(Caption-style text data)
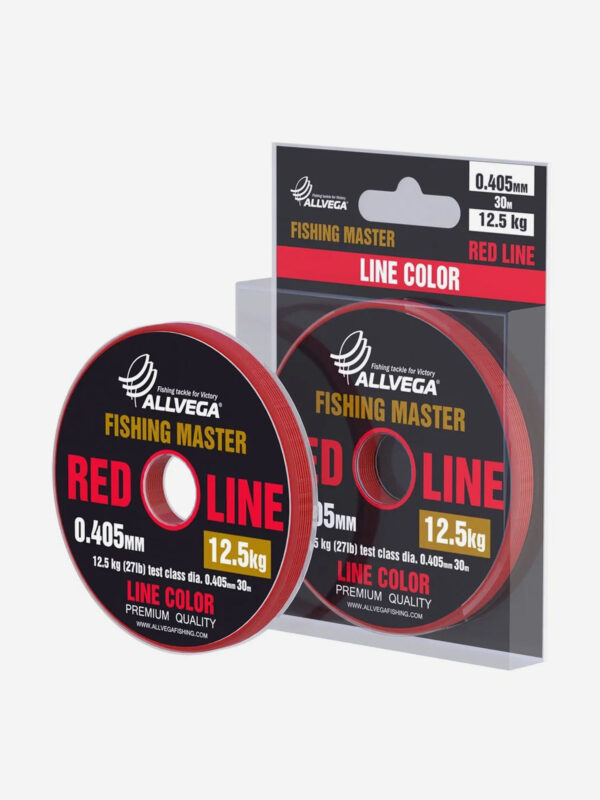 Леска монофильная ALLVEGA "Fishing Master" 30м 0,405мм (12,5кг) рубиновая, Красный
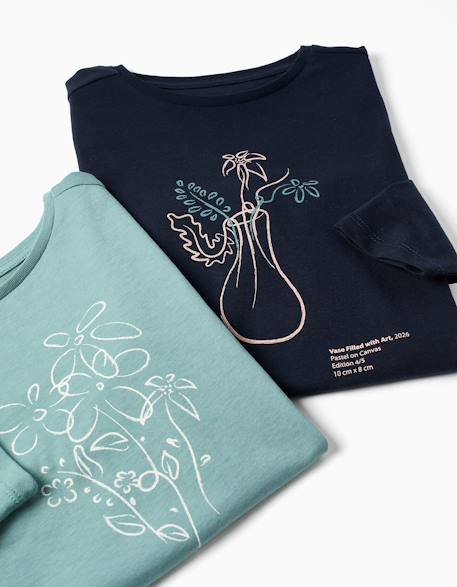 Lot de 2 t-shirts à manches longues avec imprimés de l'art Rose clair+Vert clair 7 - vertbaudet enfant 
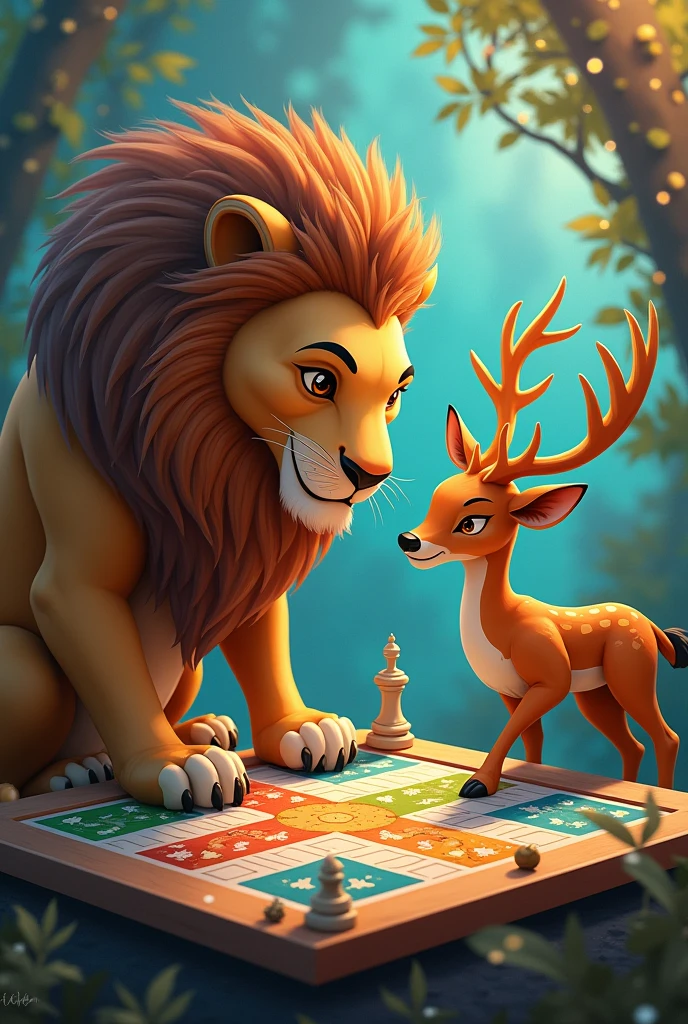 The lion and the deer are playing Ludo.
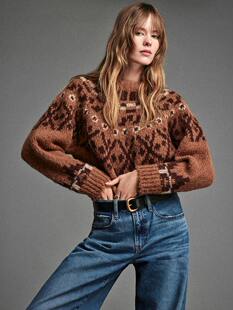 小猫儿美国代购直邮 Frame费尔岛宽松休闲圆领套头毛衣针织衫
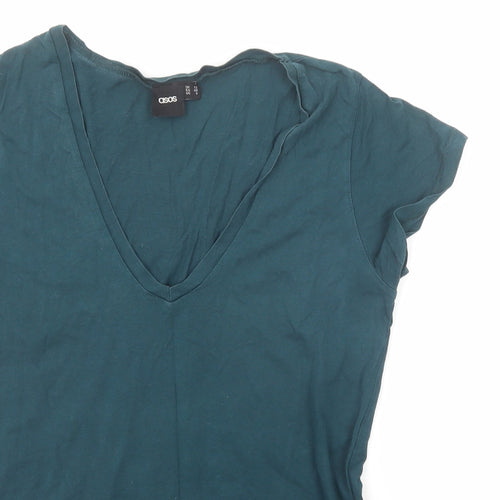 ASOS Womens Green Polyester Basic T-Shirt Size 12 V-Neck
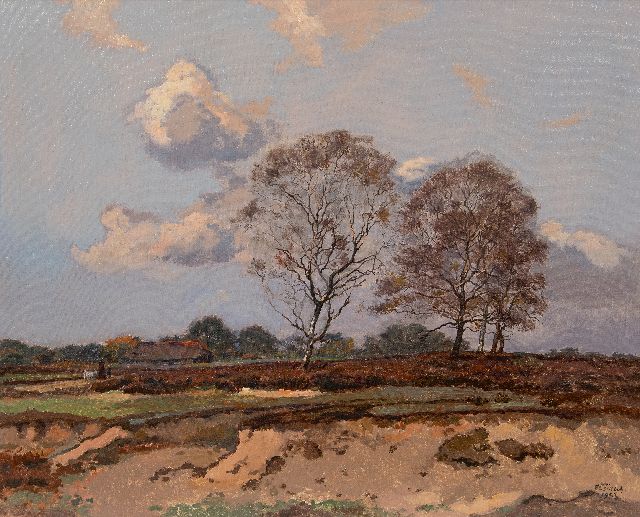 Elsinga J.  | Veluwe landscape near Ede, Nieuw Reemst., oil on canvas 46.4 x 56.3 cm, signed l.r. and dated 1943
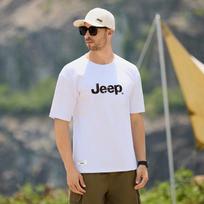 JEEP Men's 100% Cotton Loose Fit Round Neck Short Sleeve T-Shirt L white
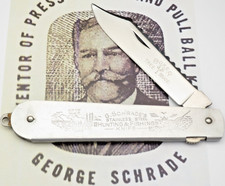 Vintage Pre-1960 Era GEORGE SCHRADE Hunting/Fishing Stainless Lock Blade Knife picture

» **Your task**
Copy out the entries exactly as they stand, omitting the images.

» **Expected answer**
 Леска монофильная ALLVEGA "Fishing Master" 30м 0,405мм (12,5кг) рубиновая, Красный
 Lot de 2 t-shirts à manches longues avec imprimés de l'art Rose clair+Vert clair 7 - vertbaudet enfant 
 The lion and the deer are playing Ludo.
 小猫儿美国代购直邮 Frame费尔岛宽松休闲圆领套头毛衣针织衫
 ASOS Womens Green Polyester Basic T-Shirt Size 12 V-Neck
 Elsinga J.  | Veluwe landscape near Ede, Nieuw Reemst., oil on canvas 46.4 x 56.3 cm, signed l.r. and dated 1943
 JEEP Men's 100% Cotton Loose Fit Round Neck Short Sleeve T-Shirt L white
 Vintage Pre-1960 Era GEORGE SCHRADE Hunting/Fishing Stainless Lock Blade Knife picture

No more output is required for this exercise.